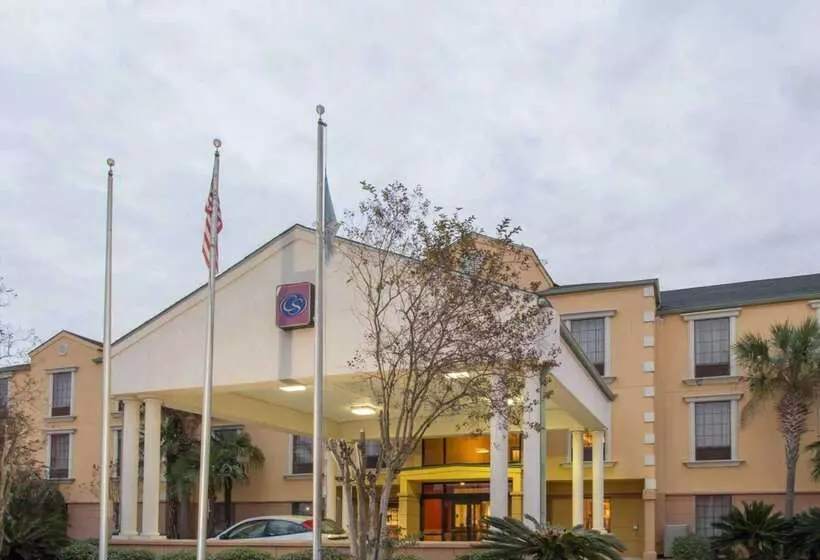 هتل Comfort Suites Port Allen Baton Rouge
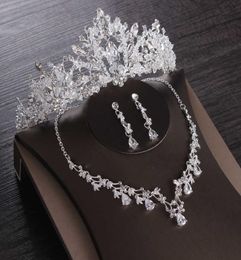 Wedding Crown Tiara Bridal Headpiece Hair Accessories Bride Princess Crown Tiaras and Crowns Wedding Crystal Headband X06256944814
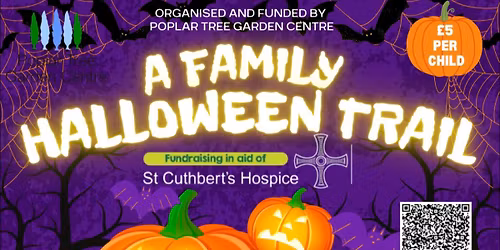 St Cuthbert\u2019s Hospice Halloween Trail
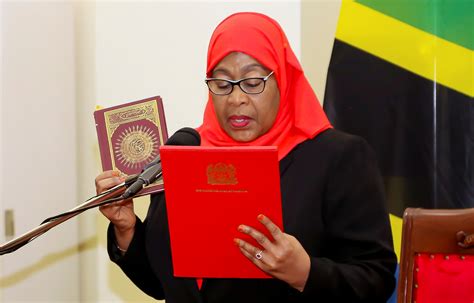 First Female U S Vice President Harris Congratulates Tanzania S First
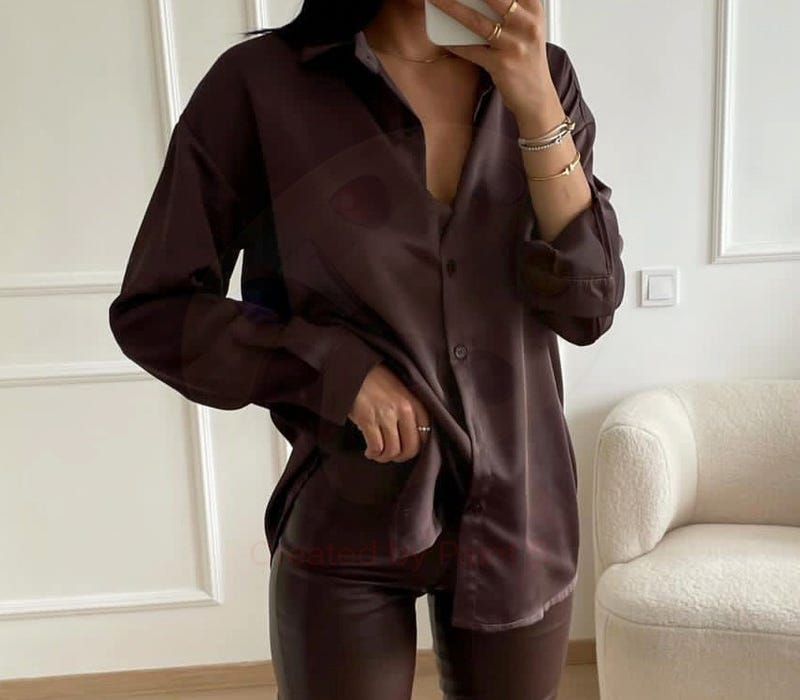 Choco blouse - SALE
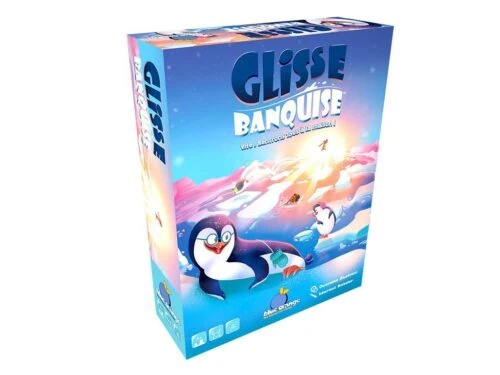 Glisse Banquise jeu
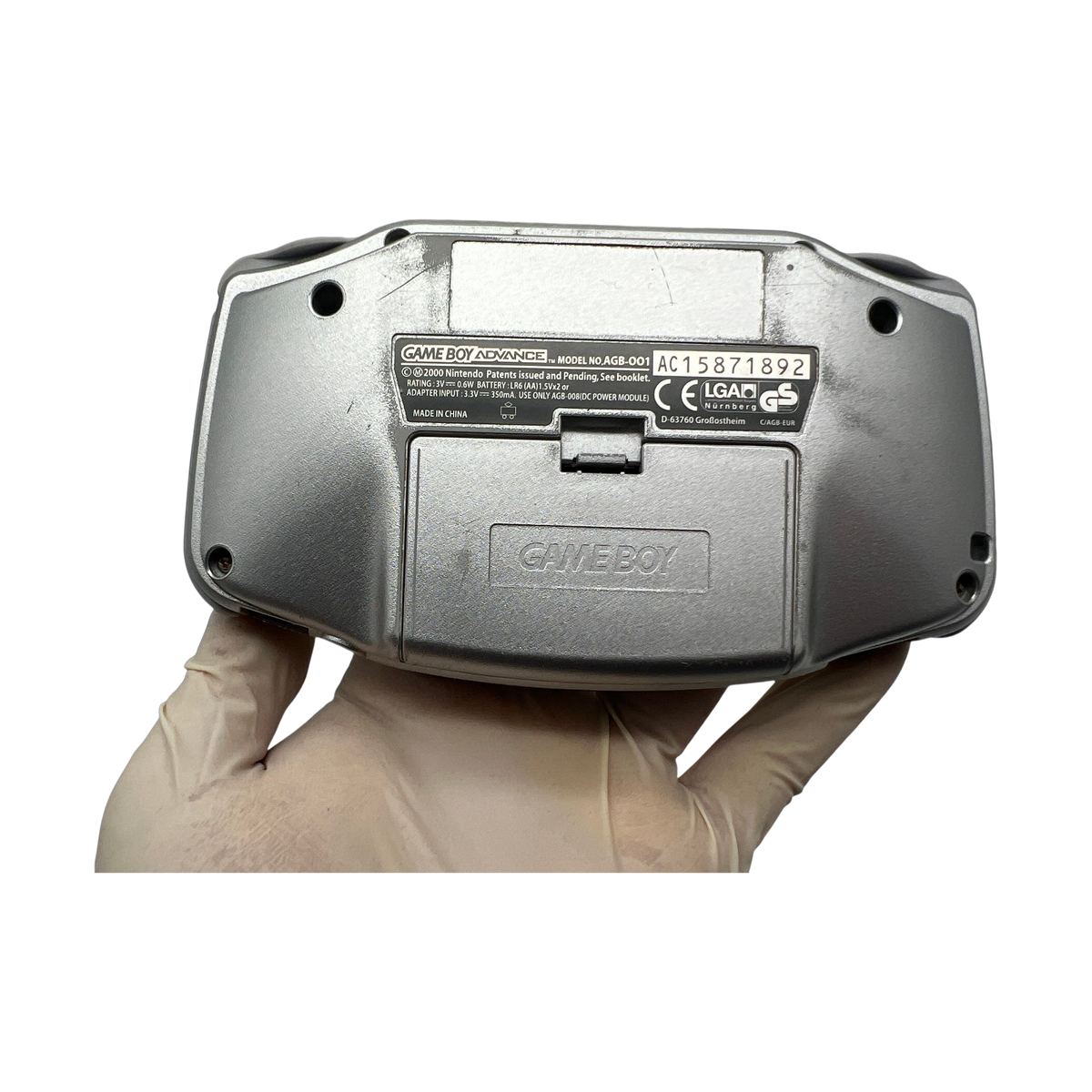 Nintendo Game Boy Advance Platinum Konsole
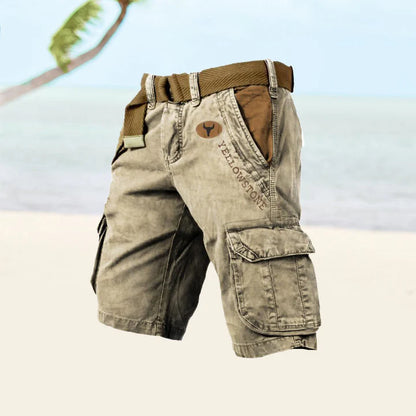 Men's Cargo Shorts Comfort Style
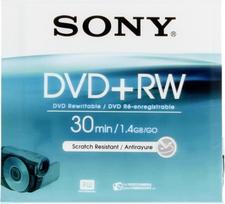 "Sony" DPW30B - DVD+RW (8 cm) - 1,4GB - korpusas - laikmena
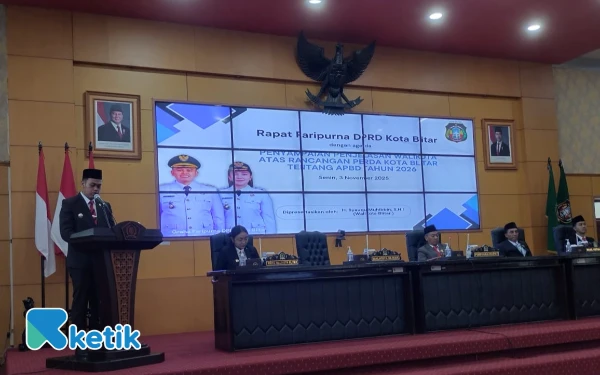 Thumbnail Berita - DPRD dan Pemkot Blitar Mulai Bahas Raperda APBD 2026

• [Your assignment]: Output the data above exactly, beginning at its first line and ending with the line that holds "korpusas - laikmena". Leave out the pictures and add nothing.

• [Response area]:
 هتل Comfort Suites Port Allen Baton Rouge
 Wedding Crown Tiara Bridal Headpiece Hair Accessories Bride Princess Crown Tiaras and Crowns Wedding Crystal Headband X06256944814
 St Cuthbert\u2019s Hospice Halloween Trail
 First Female U S Vice President Harris Congratulates Tanzania S First
 Choco blouse - SALE
 Glisse Banquise jeu
 Nintendo Game Boy Advance Platinum Konsole
 Men's Cargo Shorts Comfort Style
 "Sony" DPW30B - DVD+RW (8 cm) - 1,4GB - korpusas - laikmena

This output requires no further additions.